なるほど。それでこんな風に突っかかってくるわけだ。


「いや、そういうわけじゃないからな。ただ俺に何も報告もないのがな、問題だと思うわけだよ。俺は。で、聞いたら土井は知ってたし、とりあえず今の昼休みの時間に千葉んとこにも行って、そしたら千葉は知らなかったって言うし、お前なんか言うやつを選んでるんじゃないかと不信に思ってだな。」


まぁぐちゃぐちゃ言ってはいるが要するに俺は聞いてないってのに怒ってるわけだな。悪かったって、そりゃ報告すんのが普通なんだろうけど、まだ付き合ってるとかそんなんじゃないしと軽く流しながら、千葉に言ったのかとちょっとめんどい気持ちなった。正直、この今の微妙な状態を英太、千葉の二人に知られたくないというのがあった。中学時代最大の黒歴史、栄子への告白は、ほかでもないこの二人の馬鹿にそそのかされた結果以外の何物でもないのだ。ここでまたこいつの言葉に乗ってしまったらまた黒歴史を増産することにつながりかねないのだ。俺は慎重に言葉を選んだつもりだったが、


「まだ付き合ってないとか、そりゃないだろう。だって、お前ら今まで屋上にいたんだよな?屋上へ昼休み行くなんて、なんも知らない1年が4月の頭に興味本位で行くぐらいであとはそういうことじゃねーか。」


おっおう。やっぱりそうだよな。そういうもんだよな。


「ははーん。さてはお前、そんな状況も相手に任せてるパターンだな。なすが儘ってやつか?しかっし、なんでお前なんだろうな。それだったら、俺のほうが…」


「ふーん。いいんだ。瑠美ちゃんにそれ言ってあげようか?」


「えっ?それは勘弁…」


そうだそうだ。土井チクってやれ。そうこうしていると、チャイムが鳴り、国語教師のゾッTが教室へ入ってきた。なし崩し的にこの会話は終了した。しかし、俺の胸の中には英太の言葉がダイレクトに刺さっていた。なんで俺なんだろ?そうだよな。散々、栄子や土井からも遠回しに怪しいとは言われてはいたが、英太のストレートな疑問は俺に現実を突きつけた気がした。俺が良いと思ったところって何だったんだろうな。別に見た目が特別良いわけでもないし、学力も良いわけでも、運動神経が良いわけでも、会話が面白いわけでもないし、侵食の世界では棒立ちで何かできたわけでもないのに。俺はぶんぶんと顔を横に振った。いかんいかん。また変な思考に入ってきた。ダメだと思ってもどうしても思考がそっちへ向かってしまう。そういうマイナスな意識がマイナスな現実を引き寄せてしまうのだ。

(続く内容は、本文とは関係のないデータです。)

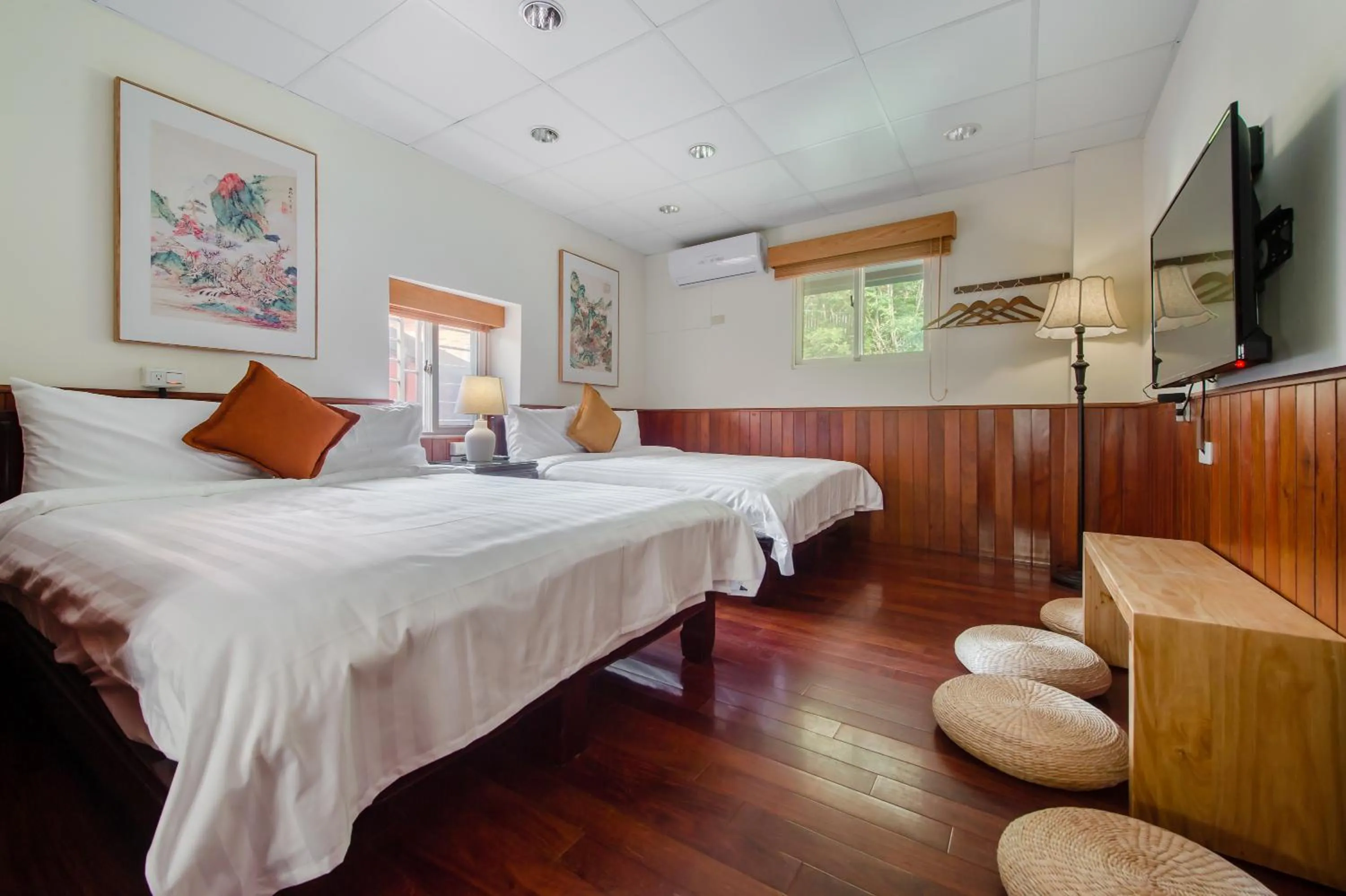 Superior Quadruple Room in Jiufen The Dragon B&B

「おー、眠気を覚ましたいのか?いいぞ。ちょうど読んでもらおうと思ったところだ。23ページ12行目の人の目から読んでもらおうか。」


ゾッTから突然さされた俺は、しどろもどろ教科書を読んだ。



売店横のフリースペースのベンチに座って栄子を待つ。部活中は昼休みに英太から情報を仕入れた千葉を筆頭に、こんなんでへばっとったら、愛しの彼女に笑われんでとげきを飛ばされたりと先輩たちから散々いじられた。まったくみんなで悪乗りしやがって。まー悪い気はしなかったけども。


「あのー。」


うん?振り返るとそこにはB子がいた。


「今日は散々でしたね。先輩たちみんな悪乗りして。」


そうだな。まったく。けど、お前もういいのか?というのもB子は今度のインターハイで補欠ではあるが出場するため、部活終わりにインターハイ出場予定選手の打ち合わせに参加しているはずだったからだ。

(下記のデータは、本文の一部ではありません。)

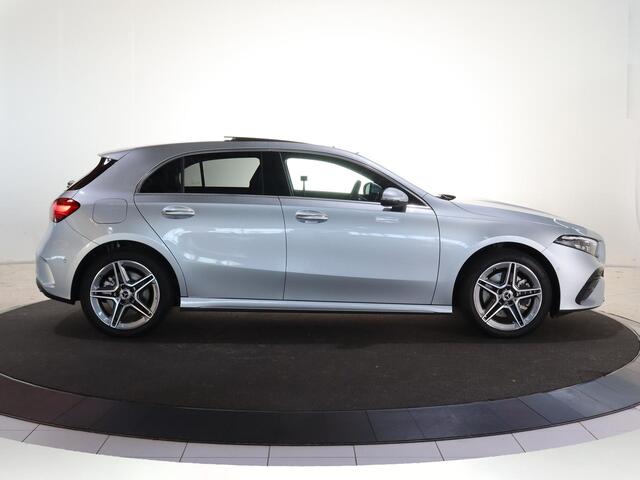 Mercedes-Benz A-KLASSE 250e Business Solution AMG | Panoramaschuifdak | Stoelverwarming | Achteruitrijcamera | MULTIBEAM LED |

「そうだったんですけど、侵食の件で栄子さんにお話があって、打ち合わせの内容は前もって楠田先輩から聞いていたので大丈夫です。私もここで待ってていいですか?」


あーそういうことか。俺はベンチ中央から右端へ移動し、B子が座るスペースを作った。こいつは二つの大舞台を掛け持ちしてるんだな。そう考えるとほんとにすごい奴だな。こいつも先輩たち同様、自分のことをちゃんと意識してるんだろうな。俺の周りはなんでこんなにちゃんとした人ばっかりなんだ。もう少し俺よりのダメな奴はいないのかまったく。栄子を待つ間、なんとなく気になっていた栄子との出会いを聞いてみることにした。


「出会いですか。言ってもいいのか分からないですけど、気になりますよね?」


そりゃそんな風な言い方されりゃ気にならなかったとしても気になるだろ。普通。


「ぷっ。そうですよね。失礼しました。えっとですね、私が大会に出てるところをスカウトされたって言ってましたよね。はい。中学2年の時。後から聞いた話なんですけど、栄子さん私の通ってる道場にも見学に来てくださってたらしくて、ほんとはずっとタイミングを見計らっていたらしいんです。」


ふーん。ってことは、B子には何かしらの才能があることを栄子は知っていたってことになるよな。つくづく謎な奴だ。ずっと一緒にいたはずなのにあいつのこと何も知らなかったんだんだなー。しかし、こいつもそんな訳の分からないことによく首を突っ込んだもんだ。B子は苦笑いしながら、


「そうですねー。いきなりでしたからね。大会のその日にダイブすることになって、えぇ、そうです。ほんとびっくりしましたよー。私の知らない世界がこんなにも身近に広がっているんだなーって感動しました。えっ、二人でかって、えーっと、それはですねー、」


「あら、二人なんて珍しいわね。もしかして、お邪魔虫かしら?どうしようかなー、純子ちゃんに報告が必要かしら?」


振り返ると栄子が立っていた。ニヤニヤといじる気満々の悪い笑顔で。


「いや、全然、そんなことはなくてですね、ただの世間話というかですね、栄子さんもしかして聞いてたんですか?」


ニヤつく栄子とあたふたと焦った様子のB子。なんだかなー。俺はあんまりB子をいじめるなよと栄子にB子がいる理由を説明した。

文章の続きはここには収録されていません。